Commonwealth Games England
- Category: Commonwealth Games Association
- Abbreviation: CGE
- Headquarters: London
- Location: Albert Embankment SE1 7TY
- President: Laura Kenny
- Chairman: John Steele
- CEO: Mark Osikoya
- Replaced: Commonwealth Games Council for England

Official website
- teamengland.org
- England

= Commonwealth Games England =

Sporting association

Commonwealth Games England (CGE) is the national Commonwealth Games Association for England. The company is responsible for supporting and managing the participation of Team England at the Commonwealth Games'.

==History==
=== Commonwealth Games Council for England ===
The Commonwealth Games Council for England (CGCE) was originally responsible for 'Team England' and oversaw each team between the 1930 British Empire Games and Melbourne 2006 Commonwealth Games and the England teams at the Commonwealth Youth Games.

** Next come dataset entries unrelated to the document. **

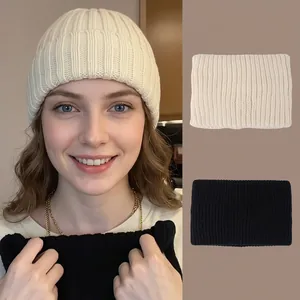 Fashion Knitted Headband Ribbed Wide Hairband Elastic Sports Hair Wrap For Face Washing Accessories For Women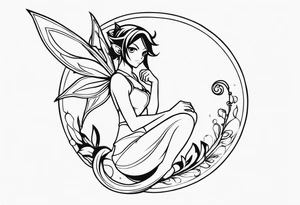No color fairy with a tail inspired by the logo of the show called Fairy Tail in a fetal position leaning in and forward tattoo idea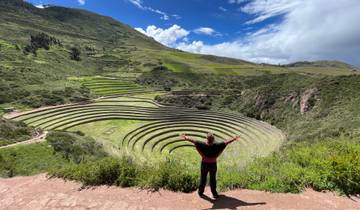 A person enjoying the view of the terraced circles of Moray.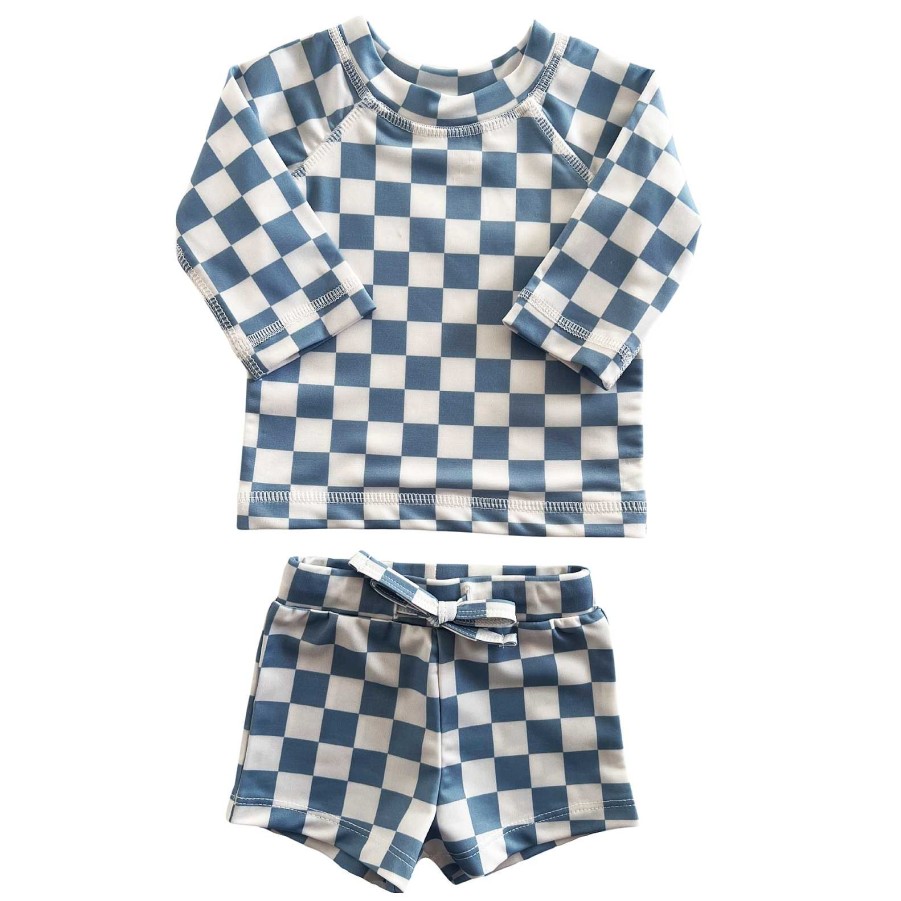 Boy SIIX Collection | Blueberry Muffin Checkerboard / Mar Rashguard Set / Upf 50+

Membership of the Games Council consisted of representatives from 26 different sports on the Commonwealth Games' Sports Programme, supported by a small salaried team.

CGCE's president was gold medallist Sir Christopher Chataway, the first winner of the BBC's Sports Personality of the Year award and a teammate of Sir Roger Bannister.

=== Commonwealth Games England ===
Following a review in 2009, the Commonwealth Games Council for England was disbanded and a new organisation, Commonwealth Games England, was established in its place. CGE is governed by a board of non-executive directors, chaired by Ian Metcalfe. The Board is made up of experts from fields including sport, marketing and finance including England hockey player Alex Danson and co-founder of Carphone Warehouse and British Olympic Association non-executive director David Ross and the national director of the English Institute of Sport, Nigel Walker.

Laura Kenny was named as the organization's president in March 2025, succeeding Denise Lewis and becoming CGE's youngest-ever president at the age of 32.

== Funding ==

Since 1994, the costs of the preparation of Team England have been supported with funding from Sport England, a public body that distributes public and lottery funds. The raising of funds for the team's participation in the Games themselves is the sole responsibility of CGE and is raised through sponsorship and fundraising activities.

== Identity ==

In the run-up to the 2010 Commonwealth Games, CGE adopted a new logo and brand identity. The logo features a single red English lion representing strength, power and performance.